*** Dataset records ***

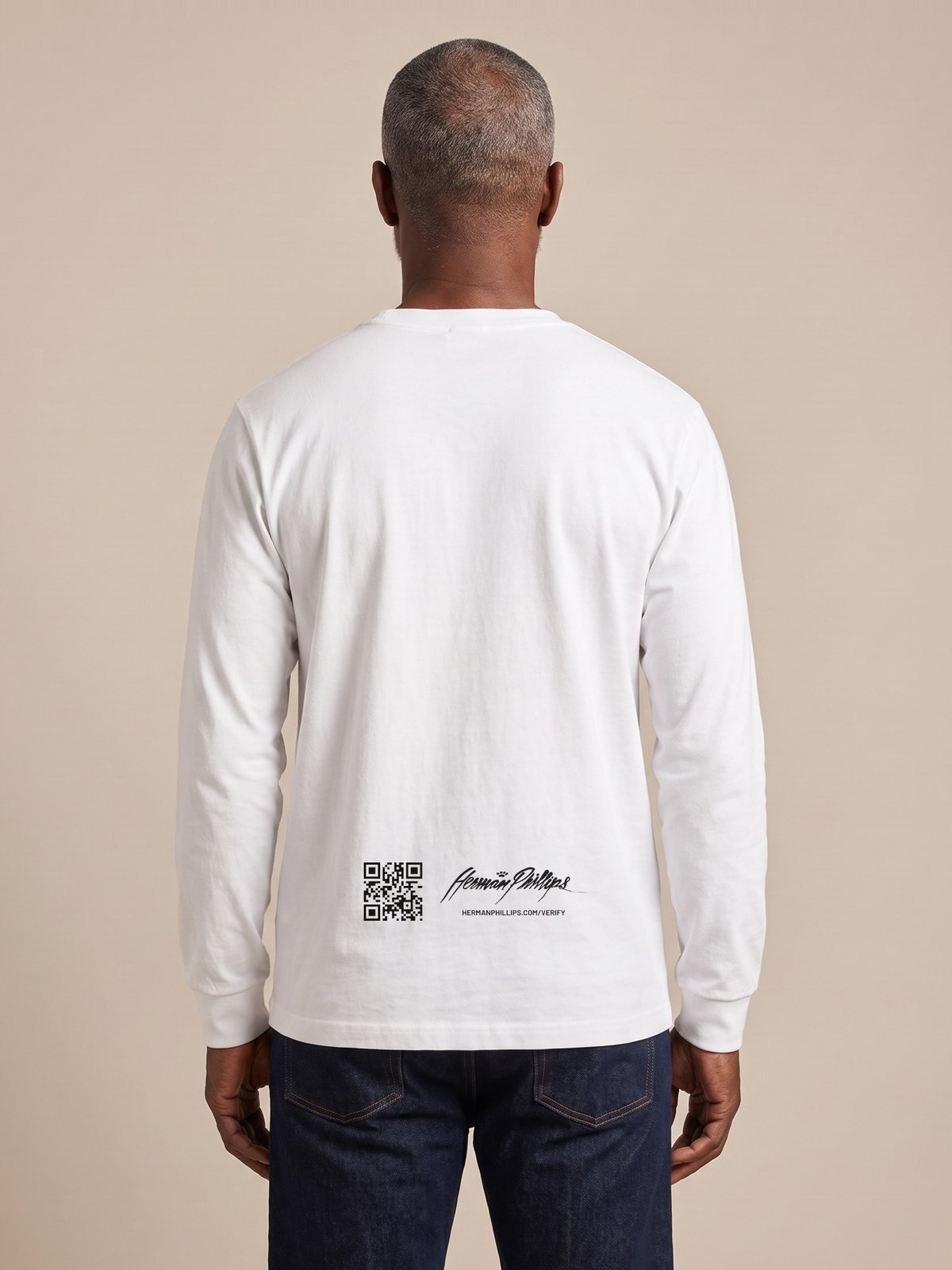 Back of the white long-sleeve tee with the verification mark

*** End of Dataset records ***
*** Dataset records ***

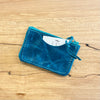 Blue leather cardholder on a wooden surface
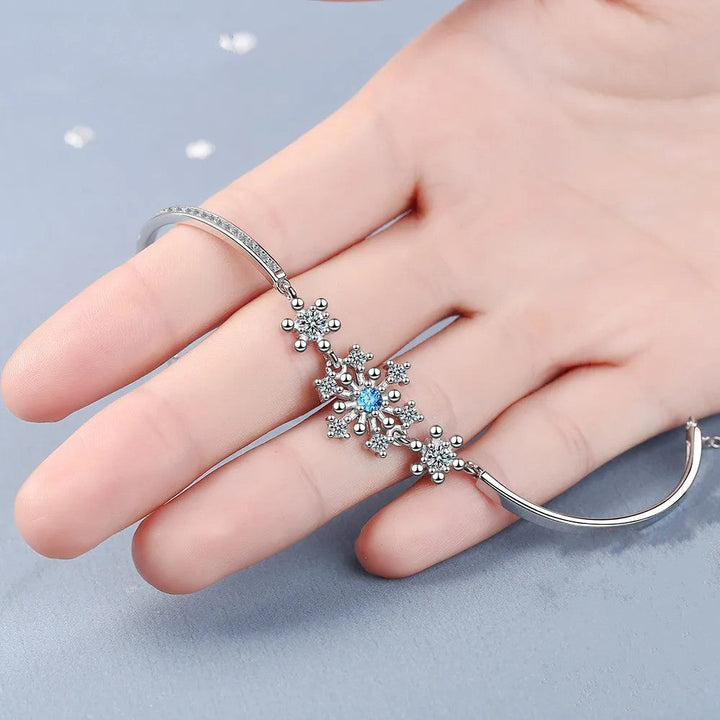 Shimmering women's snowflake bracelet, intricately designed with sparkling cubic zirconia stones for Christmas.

*** End of Dataset records ***

» Your objective
In the listing above, find the line containing "Blue leather cardholder on a wooden surface" and the line containing "Shimmering women's snowflake". Reproduce those lines and all between them exactly, with no pictures and nothing more.

» Written reply
 Blue leather cardholder on a wooden surface
 Shimmering women's snowflake bracelet, intricately designed with sparkling cubic zirconia stones for Christmas.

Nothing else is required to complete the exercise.